### Aim of the task:
Using the listing below, copy exactly each line from the one that has "Sculture di un" through the one that has "Bir ilin nüfusunun yarısı aşılandı"; omit the pictures.

### Extracted data:
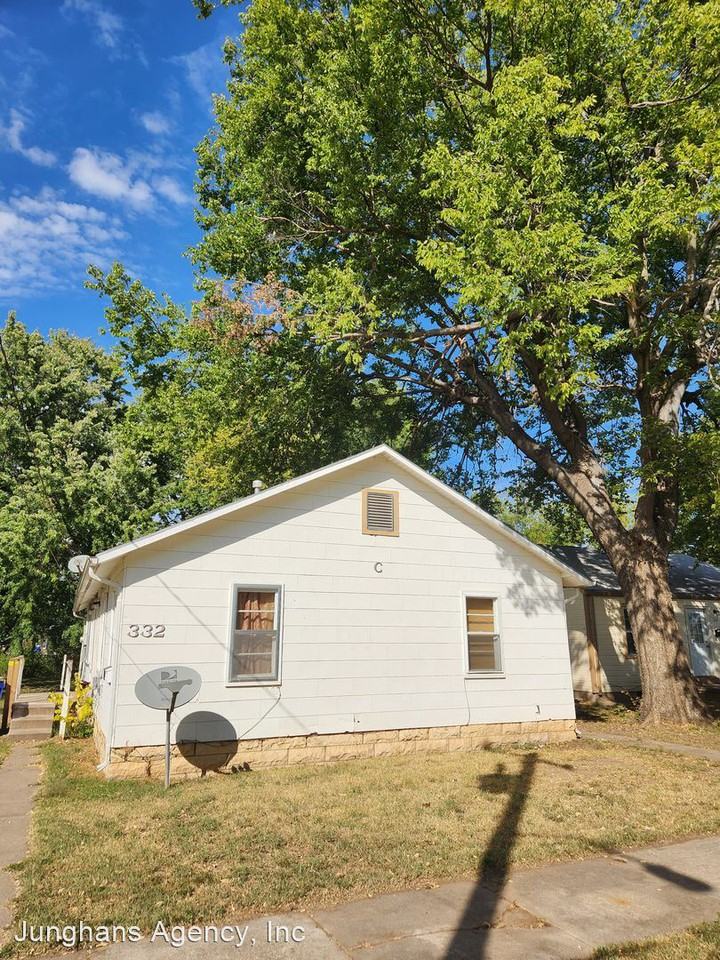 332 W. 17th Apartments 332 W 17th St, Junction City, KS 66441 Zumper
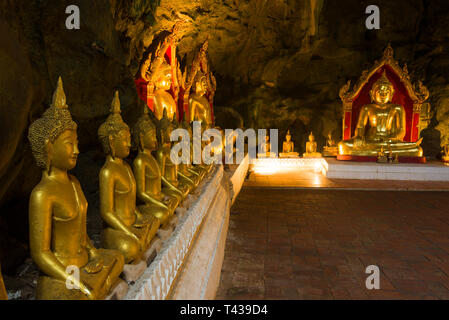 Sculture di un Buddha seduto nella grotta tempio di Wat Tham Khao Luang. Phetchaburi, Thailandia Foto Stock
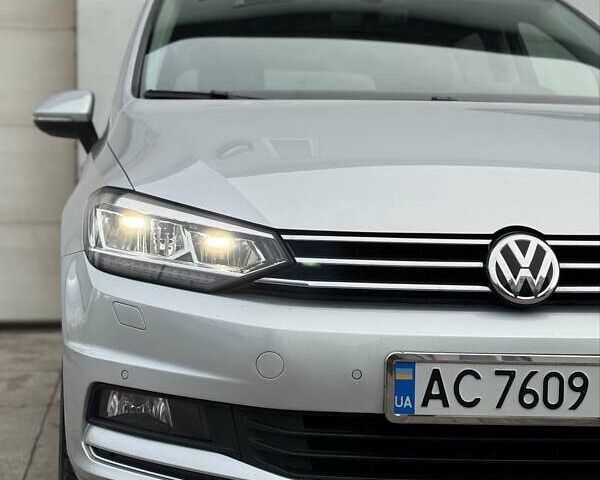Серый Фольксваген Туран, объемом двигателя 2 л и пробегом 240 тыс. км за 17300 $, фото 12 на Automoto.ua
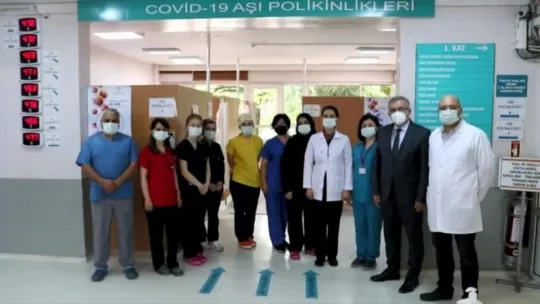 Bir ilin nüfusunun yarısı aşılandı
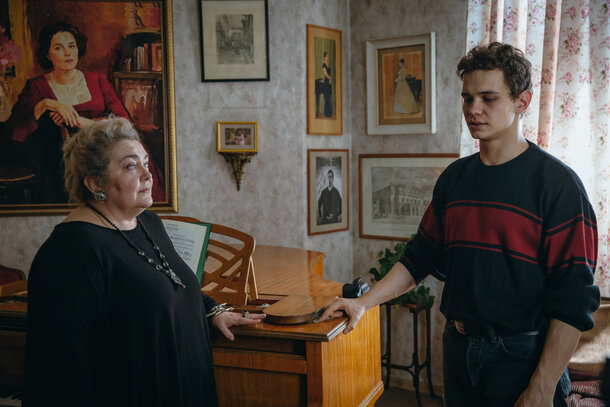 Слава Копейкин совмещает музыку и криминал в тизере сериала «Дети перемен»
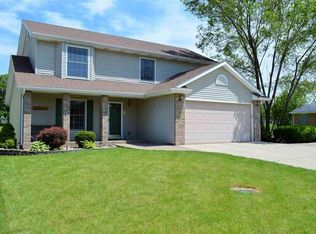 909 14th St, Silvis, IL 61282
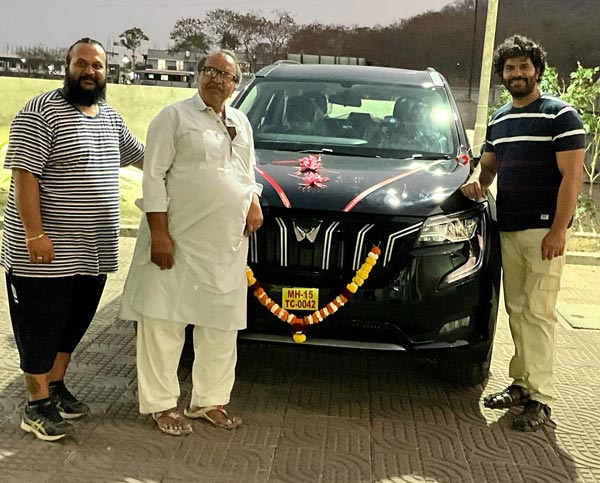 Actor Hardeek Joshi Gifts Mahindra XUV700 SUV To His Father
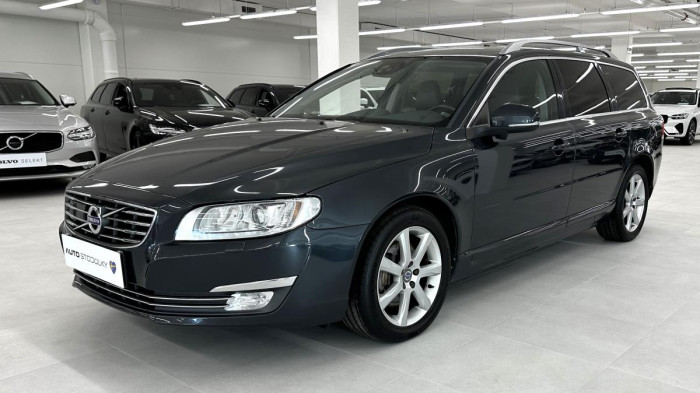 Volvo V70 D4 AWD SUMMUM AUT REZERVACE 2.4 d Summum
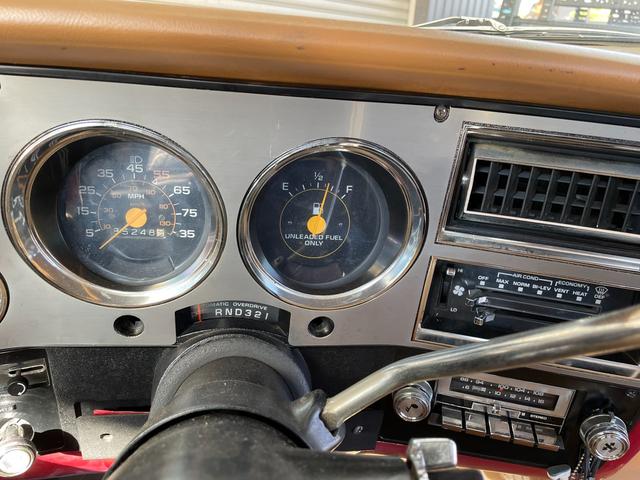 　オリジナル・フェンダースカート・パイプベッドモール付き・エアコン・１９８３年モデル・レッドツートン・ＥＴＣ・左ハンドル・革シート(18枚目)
==
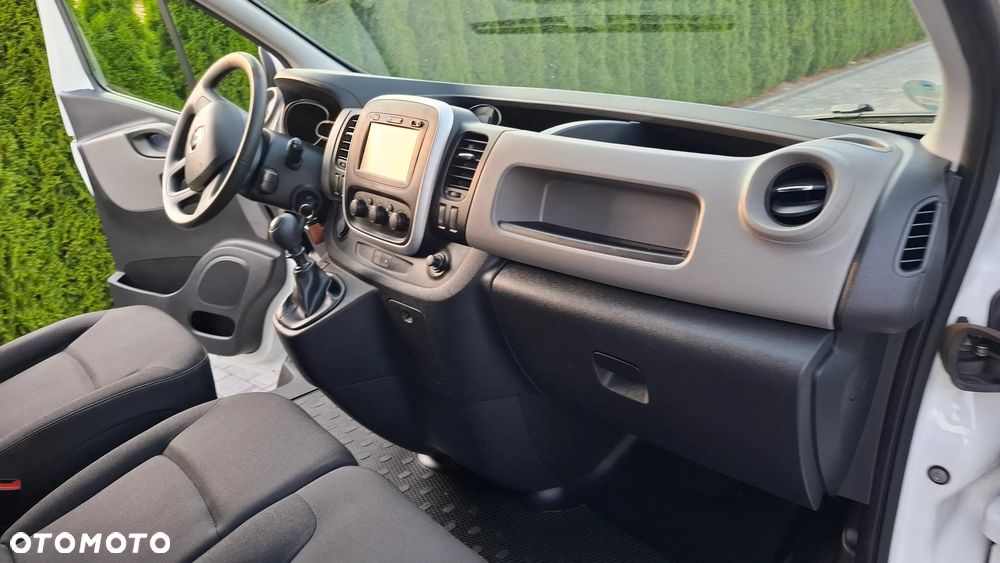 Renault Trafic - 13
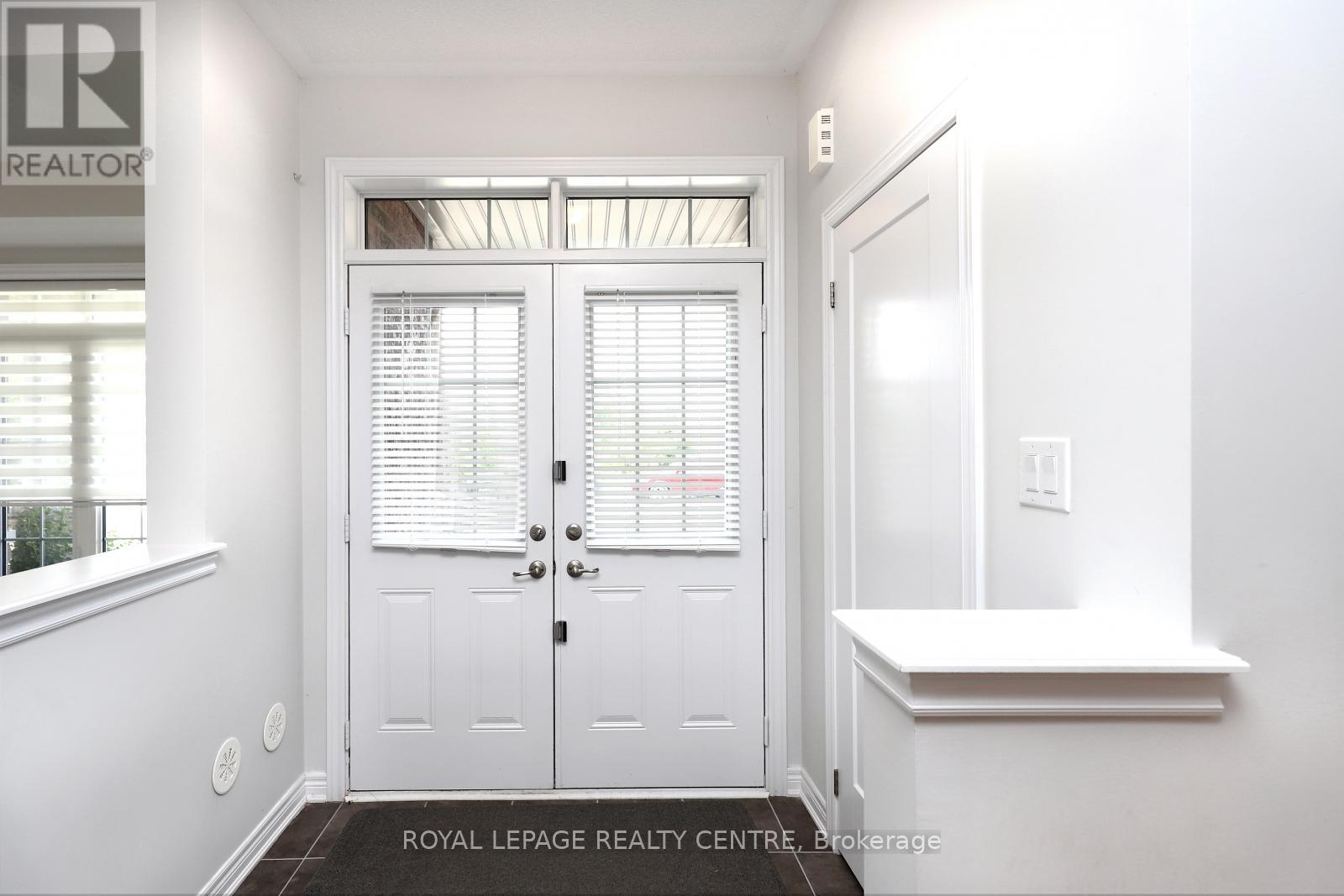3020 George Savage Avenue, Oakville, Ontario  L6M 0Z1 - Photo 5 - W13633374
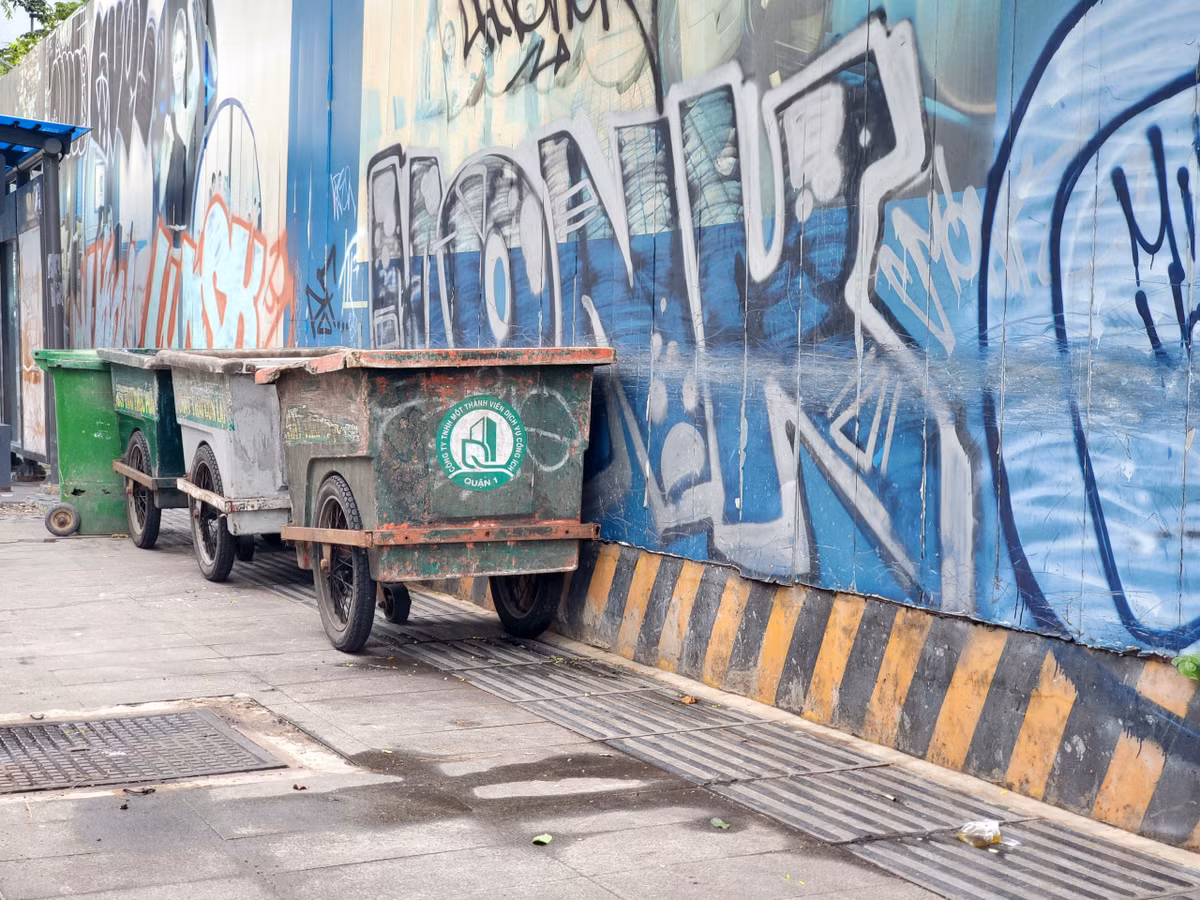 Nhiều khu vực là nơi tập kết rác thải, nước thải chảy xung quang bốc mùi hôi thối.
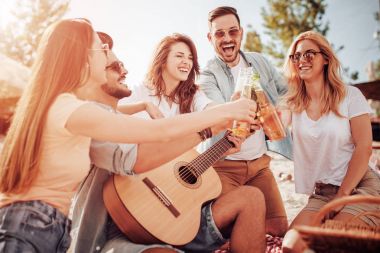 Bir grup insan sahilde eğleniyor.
---
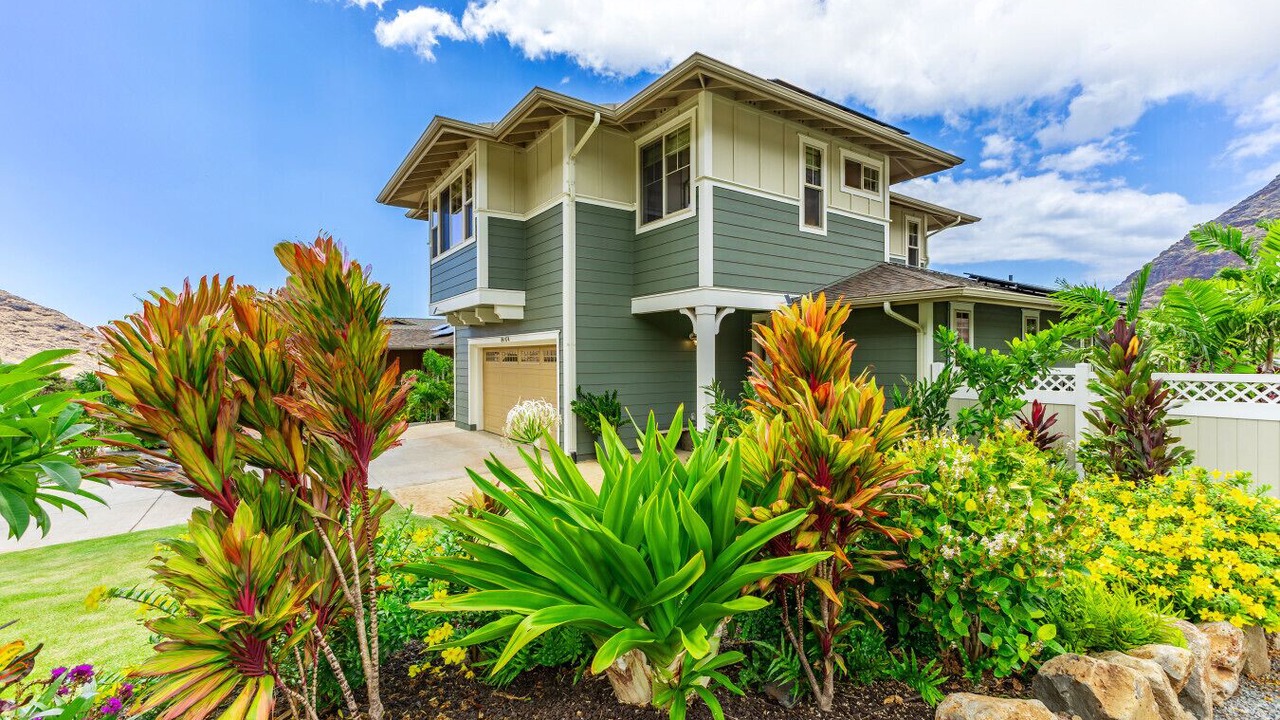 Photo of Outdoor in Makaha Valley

### Output of the task:
 Sculture di un Buddha seduto nella grotta tempio di Wat Tham Khao Luang. Phetchaburi, Thailandia Foto Stock
Серый Фольксваген Туран, объемом двигателя 2 л и пробегом 240 тыс. км за 17300 $, фото 12 на Automoto.ua
 Bir ilin nüfusunun yarısı aşılandı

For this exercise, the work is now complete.